##### Source material

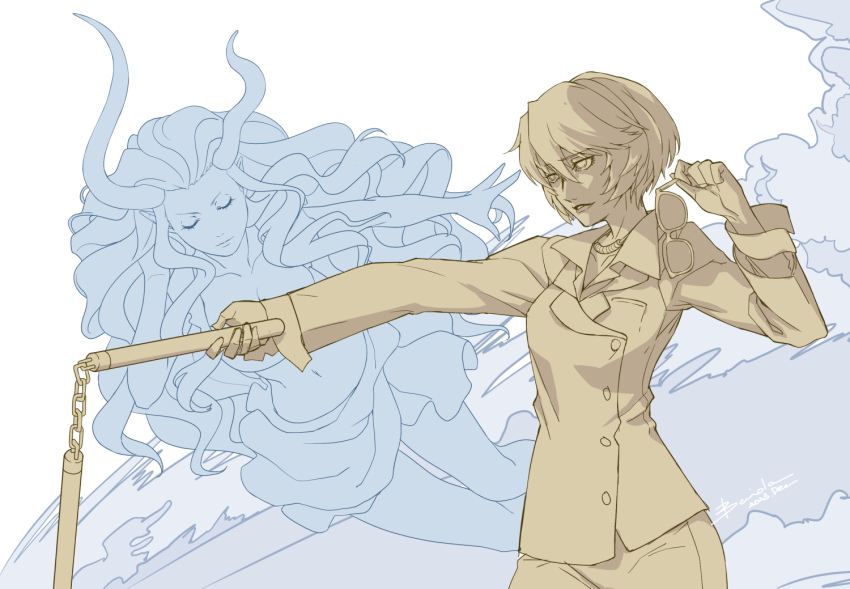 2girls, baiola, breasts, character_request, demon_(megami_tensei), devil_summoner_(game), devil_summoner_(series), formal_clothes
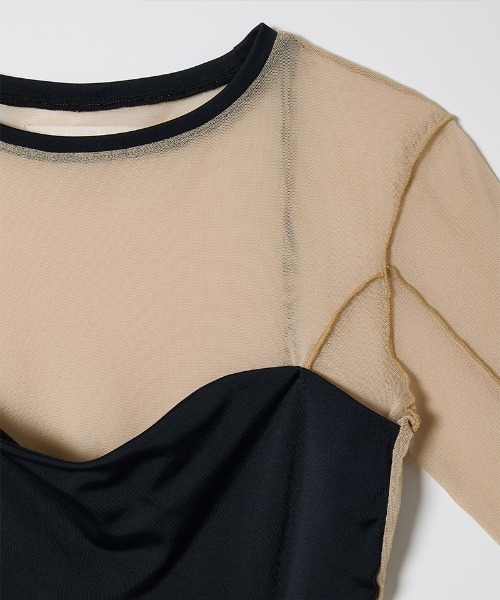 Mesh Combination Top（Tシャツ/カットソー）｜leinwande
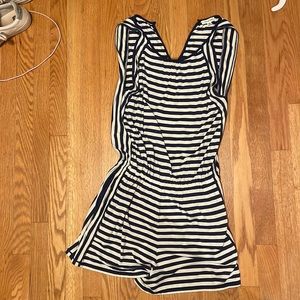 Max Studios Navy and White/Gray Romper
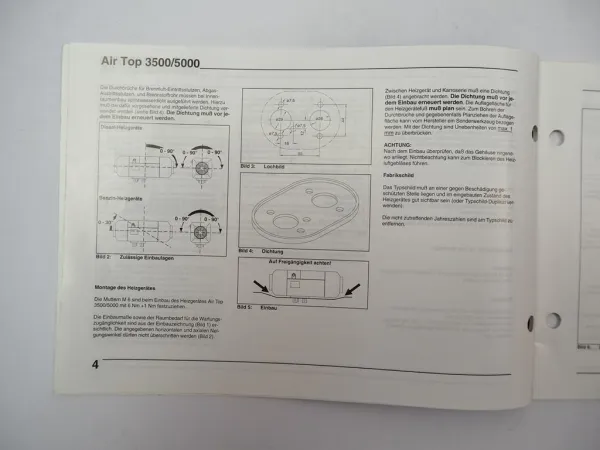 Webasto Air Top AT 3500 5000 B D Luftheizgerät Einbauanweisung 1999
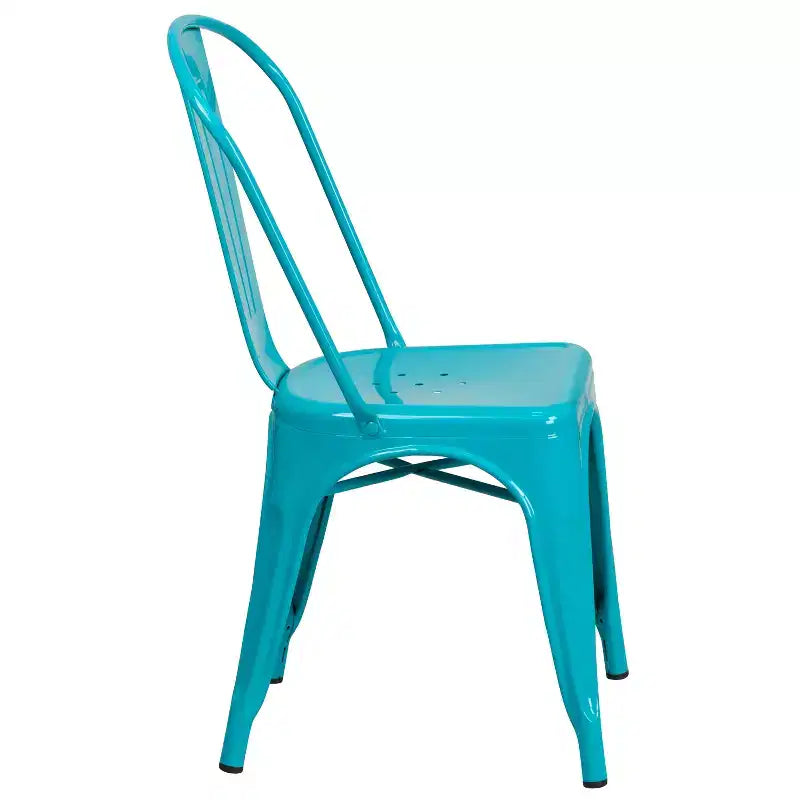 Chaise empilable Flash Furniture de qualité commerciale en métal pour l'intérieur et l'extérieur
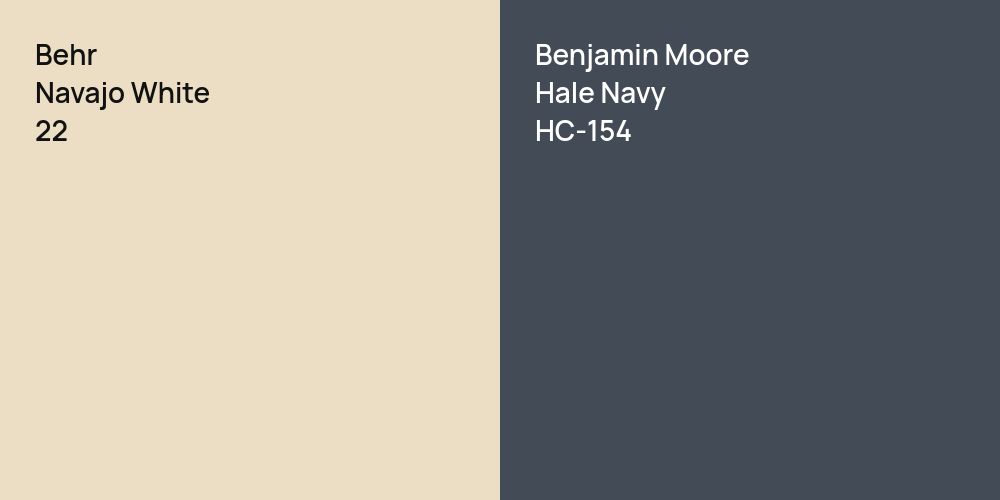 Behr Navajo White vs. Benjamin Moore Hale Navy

##########

▸ **Assignment**: Leaving every picture aside, repeat the listing exactly.

▸ **Reply to the exercise**:
 2girls, baiola, breasts, character_request, demon_(megami_tensei), devil_summoner_(game), devil_summoner_(series), formal_clothes
 Mesh Combination Top（Tシャツ/カットソー）｜leinwande
 Max Studios Navy and White/Gray Romper
 Webasto Air Top AT 3500 5000 B D Luftheizgerät Einbauanweisung 1999
 Chaise empilable Flash Furniture de qualité commerciale en métal pour l'intérieur et l'extérieur
 Behr Navajo White vs. Benjamin Moore Hale Navy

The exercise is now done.